По глазам, горевшим в прорезях вуалей, Каландрилл ничего не смог прочитать — они были совершенно пусты, словно перед ними стояли девять металлических автоматов, предназначенных для того, чтобы вынести им смертный приговор.

Наконец один из них грубым голосом произнёс несколько коротких слов; узников тут же подняли и развязали им ноги. Брахт застонал и пошатнулся, и двое — как полагал Каландрилл, джессеритов — подхватили его под руки. Керниец мотал головой и мигал глазами.

— Ахрд! Нас взяли. Ты вроде кричал…

Предводитель джессеритов опять что-то сказал, явно побуждая кернийца замолчать. Брахт сплюнул прямо к ногам предводителя. Тот рассмеялся, словно довольный брошенным ему вызовом, и прокричал ещё несколько фраз, затем махнул рукой в сторону скалы, прикоснулся пальцем к губам Брахта и провёл ладонью по его горлу, не оставляя сомнений в том, что они сделают, если тот произнесёт ещё хоть одно слово. По следующему короткому приказанию узникам быстро вставили в рот кожаный кляп. Предводитель вновь указал рукой на скалу, поманил их за собой и пошёл вперёд.

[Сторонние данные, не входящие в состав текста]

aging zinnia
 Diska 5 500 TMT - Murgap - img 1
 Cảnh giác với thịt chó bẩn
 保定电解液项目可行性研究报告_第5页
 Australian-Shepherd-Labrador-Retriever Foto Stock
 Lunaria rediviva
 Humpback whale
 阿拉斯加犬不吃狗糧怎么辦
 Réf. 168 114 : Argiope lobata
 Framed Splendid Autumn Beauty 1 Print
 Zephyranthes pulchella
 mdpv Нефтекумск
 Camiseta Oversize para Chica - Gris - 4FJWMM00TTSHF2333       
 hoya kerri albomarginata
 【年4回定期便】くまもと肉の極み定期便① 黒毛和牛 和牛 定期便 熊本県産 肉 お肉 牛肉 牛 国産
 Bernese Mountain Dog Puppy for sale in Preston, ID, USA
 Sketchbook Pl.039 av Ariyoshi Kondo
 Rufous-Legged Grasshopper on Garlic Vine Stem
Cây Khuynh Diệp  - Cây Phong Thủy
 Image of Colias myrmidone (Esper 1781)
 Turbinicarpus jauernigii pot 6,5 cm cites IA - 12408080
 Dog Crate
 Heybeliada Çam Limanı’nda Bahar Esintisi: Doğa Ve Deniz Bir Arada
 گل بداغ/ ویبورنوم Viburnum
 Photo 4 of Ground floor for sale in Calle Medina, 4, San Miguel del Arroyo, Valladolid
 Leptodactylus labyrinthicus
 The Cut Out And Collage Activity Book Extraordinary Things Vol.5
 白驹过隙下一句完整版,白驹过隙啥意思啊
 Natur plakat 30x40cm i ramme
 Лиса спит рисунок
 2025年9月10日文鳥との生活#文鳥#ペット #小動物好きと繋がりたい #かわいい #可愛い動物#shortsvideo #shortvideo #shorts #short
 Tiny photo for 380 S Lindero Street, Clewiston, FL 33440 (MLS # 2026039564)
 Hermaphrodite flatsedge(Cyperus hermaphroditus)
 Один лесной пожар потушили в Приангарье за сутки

Пять воинов встали вокруг узников и, грубо подталкивая, заставили их идти следом; оставшиеся трое расстреножили лошадей и повели их в поводу.

Молчание было угрожающим. Тишину нарушало лишь похрустывание кожи и глухое постукивание копыт. Джессериты вели их на скалу. К северному подножию Дагган-Вхе, решил Каландрилл. Когда он успокаивал Ценнайру, то сказал первое, что пришло в голову, но сейчас понял, что оказался прав: если бы джессериты на самом деле намеревались убить тех, кто посягнул на их земли, они бы наверняка сделали это ещё подле костра. С другой стороны, если бы среди безликих воинов был сам Рхыфамун, он бы уничтожил их на месте. По причинам, которые Каландрилл не понимал, им сохранили жизнь. Чтобы потом казнить? А может, джессериты задумали что-то другое? Он не знал, но то, что они ещё живы, вселяло надежду.

Неловко передвигаясь со связанными руками, он размышлял только об этом.

Скоро они вышли на площадку, где их ждали спутанные снаряжённые лошади. Воин, стороживший животных, приветствовал предводителя. Вождь крикнул что-то на незнакомом языке, воин подвёл к нему коня и упал на колени, позволяя предводителю встать ему на спину, как на ступеньку. Ещё один гортанный приказ, и узников разоружили, грубо посадили на коней, руки привязали к лукам седла, а ноги — к стременам. Ценнайру водрузили на сивого мерина за спиной у Кати и связали женщин за пояса. Джессериты тоже вскочили на лошадей, подхватили под уздцы животных, на которых сидели узники, и тронулись вперёд.